** Work required **
Every entry gets copied exactly. No images go into the copy.

** Extracted material **
____________________
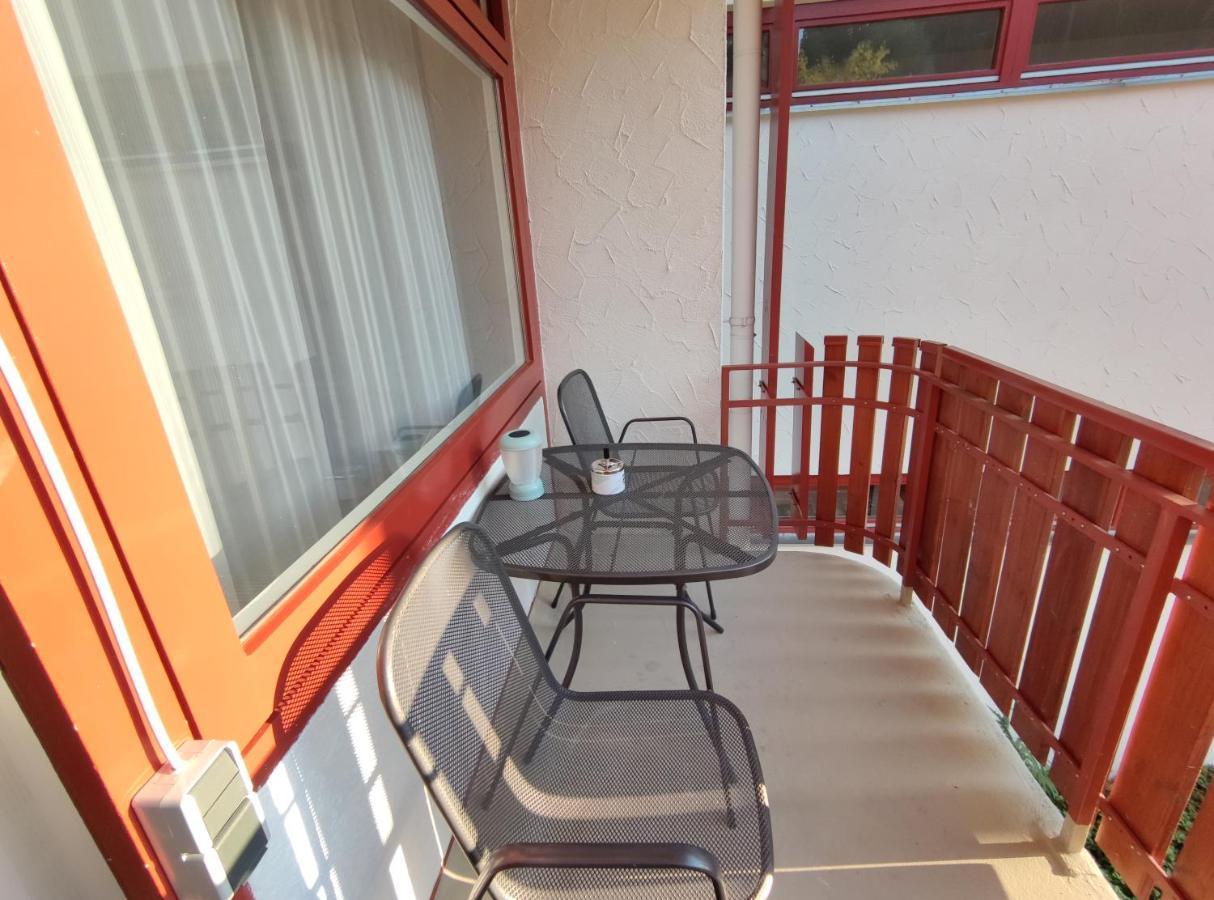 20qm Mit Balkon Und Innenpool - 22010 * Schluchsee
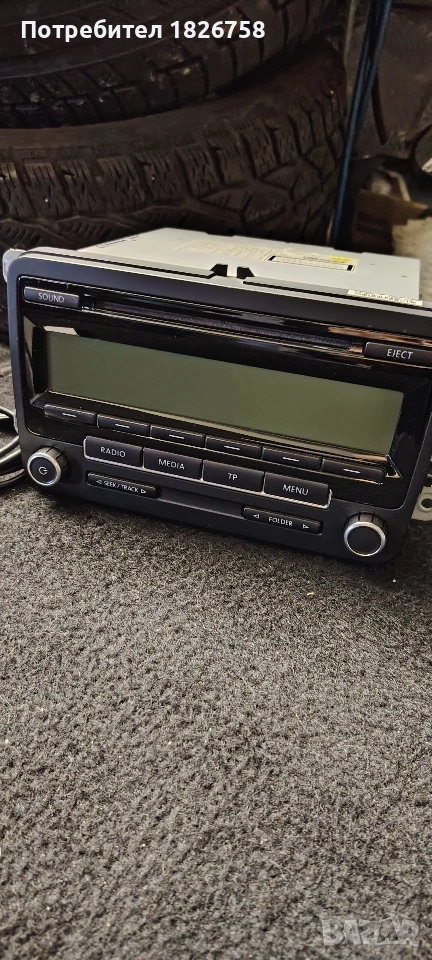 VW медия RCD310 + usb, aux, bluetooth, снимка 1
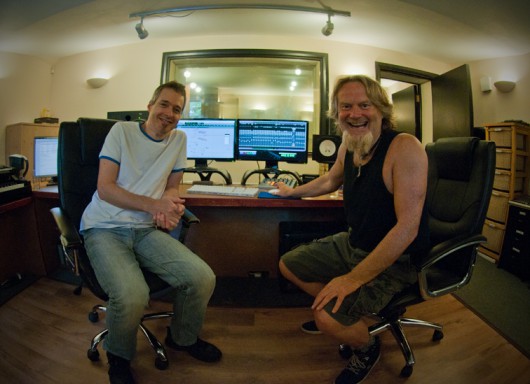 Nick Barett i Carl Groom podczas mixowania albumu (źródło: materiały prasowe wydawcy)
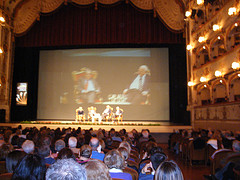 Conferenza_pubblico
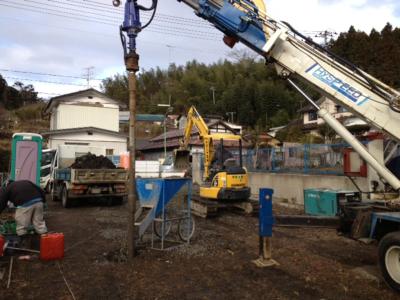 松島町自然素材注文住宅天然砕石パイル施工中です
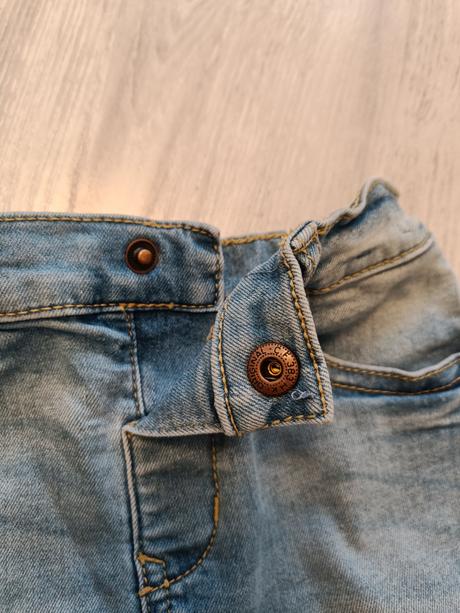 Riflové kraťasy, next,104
____________________
** Response to this task **
 20qm Mit Balkon Und Innenpool - 22010 * Schluchsee
 VW медия RCD310 + usb, aux, bluetooth, снимка 1
 Nick Barett i Carl Groom podczas mixowania albumu (źródło: materiały prasowe wydawcy)
 Conferenza_pubblico
 松島町自然素材注文住宅天然砕石パイル施工中です
 Riflové kraťasy, next,104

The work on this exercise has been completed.